I woke up at 3:30 this morning....have been up ever since. My cat, Lizzie, didn't come in last night, and I started worrying that maybe, just maybe, she pulled one of her tricks and climbed in the car with my hubby and youngest as they were packing to go on a canoe trip. My mind started working, you know, and I pictured her riding out to the Brazos...the guys are clueless, of course....and she escapes into the wilderness to become coyote breakfast when they open the back to unpack...never to be seen again.
Well...she was just outside all night, and as I was throwing the ball for Gracie, she came toodling around the corner.
I grabbed some coffee and started thinking about what God might want me to say about women next....and although there are so many OT women to discuss, I think I'm going to talk about Deborah and Jael. This is a story that I had never heard as I was growing up...my little children's Bible, for some reason, with all of its condensed stories, didn't have this tale in it. I wonder why. It has most of the other stories in it....all illustrated nicely with blonde white people. ;-)
Then, as I was praying, this thought popped into my mind....someone out there is going to think, as I write these essays, that I hate men.
Nothing could be further than the truth. I am surrounded by men. My hubby (my biggest supporter) is one! :-) My sons are fine young men. I have several surrogate sons, one who will make me a "Nana" in a couple of months. Interestingly, most of my friends are men. When I was ministering to a congregation, it was mostly men who ministered to ME, and supported me as an elder. Mostly, though, I now have an array of strong, Spirit-led men AND women who are awesome in their gifts, and who are good and dear brothers and sisters.
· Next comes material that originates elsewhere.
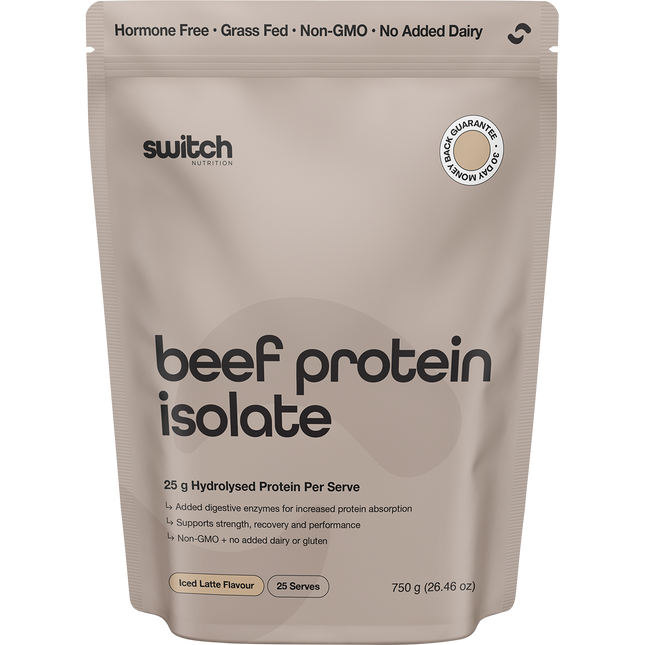 Switch Nutrition Beef Protein Isolate Iced Latte 750g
SO, in Deborah and Jael, which I think is really a very weird story, I'll look at how we can choose to do as the Lord leads us....or not. I was thinking about my own situation...not any where near what these gals dealt with. But, in my life, I deal with my health issues, and the issues of my brother, my step-mom, my mother-in-law. I did some soul-searching a while back, and realized that I not only wanted to add substitute teaching to my work life to add cash flow....I also wanted to get the heck out of the house and away from dealing with some of these things for a few hours. When I admitted this to my friend Connie, she said, "Well...yeah! Of course you want to do that! When you work at home, you're still at everyone's beck and call...they have no boundaries, and think you're not doing anything. When you're at school...no one can contact you except in an emergency." She was right. It was supposed to be pretty much 7-8 hours of not dealing with my own reality.....
supposed to be.
You see...you can't, if you're really listening, get away from what HE wants you to do. The only substitute jobs I've gotten are the ones as a Special Services Aide. So, ironically, I spend my non-art job days (my supposed 'escape days' ) around special needs kids....physically, emotionally, behaviorally, or mentally challenged kids. And I really like it. It wears me out, but I really like it.
So, I'll talk about Deborah and Jael next.... two women who did what they were supposed to do, as God called them, just as men in the Bible did; without concern about what others might say or think of them. And that's what it's all about.